> _Work order_:
Between the line containing "Heavy Duty 2" and the line containing "Bandeja Reutilizable PP" lies a run of lines; give that run again exactly, with both of those lines, and nothing else from the entries below.

> _Data entries_:
<<<<
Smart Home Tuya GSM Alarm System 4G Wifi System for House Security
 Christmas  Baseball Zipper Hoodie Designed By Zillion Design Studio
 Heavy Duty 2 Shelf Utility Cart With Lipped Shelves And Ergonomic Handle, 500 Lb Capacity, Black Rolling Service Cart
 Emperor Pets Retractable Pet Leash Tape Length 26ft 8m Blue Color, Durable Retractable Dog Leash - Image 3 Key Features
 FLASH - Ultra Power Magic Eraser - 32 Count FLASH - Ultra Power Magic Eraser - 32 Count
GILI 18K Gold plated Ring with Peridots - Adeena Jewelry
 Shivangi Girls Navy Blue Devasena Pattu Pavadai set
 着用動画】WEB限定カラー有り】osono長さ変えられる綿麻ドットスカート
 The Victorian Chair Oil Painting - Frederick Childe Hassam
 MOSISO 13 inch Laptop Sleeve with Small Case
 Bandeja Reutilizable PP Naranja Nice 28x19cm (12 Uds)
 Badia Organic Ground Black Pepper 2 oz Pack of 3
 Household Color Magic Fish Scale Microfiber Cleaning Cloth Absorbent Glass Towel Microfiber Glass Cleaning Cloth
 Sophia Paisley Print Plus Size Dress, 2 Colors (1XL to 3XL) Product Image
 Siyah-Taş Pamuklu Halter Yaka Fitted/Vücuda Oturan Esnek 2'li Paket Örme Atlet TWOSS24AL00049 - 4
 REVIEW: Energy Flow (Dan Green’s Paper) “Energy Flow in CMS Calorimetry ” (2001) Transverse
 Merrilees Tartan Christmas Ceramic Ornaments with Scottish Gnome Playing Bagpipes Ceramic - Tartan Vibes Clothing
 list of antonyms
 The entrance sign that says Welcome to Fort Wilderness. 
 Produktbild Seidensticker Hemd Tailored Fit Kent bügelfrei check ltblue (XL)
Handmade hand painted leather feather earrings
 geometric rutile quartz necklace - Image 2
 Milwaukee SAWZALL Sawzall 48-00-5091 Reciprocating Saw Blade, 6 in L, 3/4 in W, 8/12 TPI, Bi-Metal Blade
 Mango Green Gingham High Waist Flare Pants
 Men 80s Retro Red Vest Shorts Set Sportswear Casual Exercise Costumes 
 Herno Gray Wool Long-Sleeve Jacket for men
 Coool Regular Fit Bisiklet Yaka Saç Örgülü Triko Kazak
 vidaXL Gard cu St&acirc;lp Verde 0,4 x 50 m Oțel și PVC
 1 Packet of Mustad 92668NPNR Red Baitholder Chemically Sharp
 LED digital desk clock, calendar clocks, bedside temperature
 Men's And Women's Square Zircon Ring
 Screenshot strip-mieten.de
>>>>
> _Answer box_:
 Heavy Duty 2 Shelf Utility Cart With Lipped Shelves And Ergonomic Handle, 500 Lb Capacity, Black Rolling Service Cart
 Emperor Pets Retractable Pet Leash Tape Length 26ft 8m Blue Color, Durable Retractable Dog Leash - Image 3 Key Features
 FLASH - Ultra Power Magic Eraser - 32 Count FLASH - Ultra Power Magic Eraser - 32 Count
GILI 18K Gold plated Ring with Peridots - Adeena Jewelry
 Shivangi Girls Navy Blue Devasena Pattu Pavadai set
 着用動画】WEB限定カラー有り】osono長さ変えられる綿麻ドットスカート
 The Victorian Chair Oil Painting - Frederick Childe Hassam
 MOSISO 13 inch Laptop Sleeve with Small Case
 Bandeja Reutilizable PP Naranja Nice 28x19cm (12 Uds)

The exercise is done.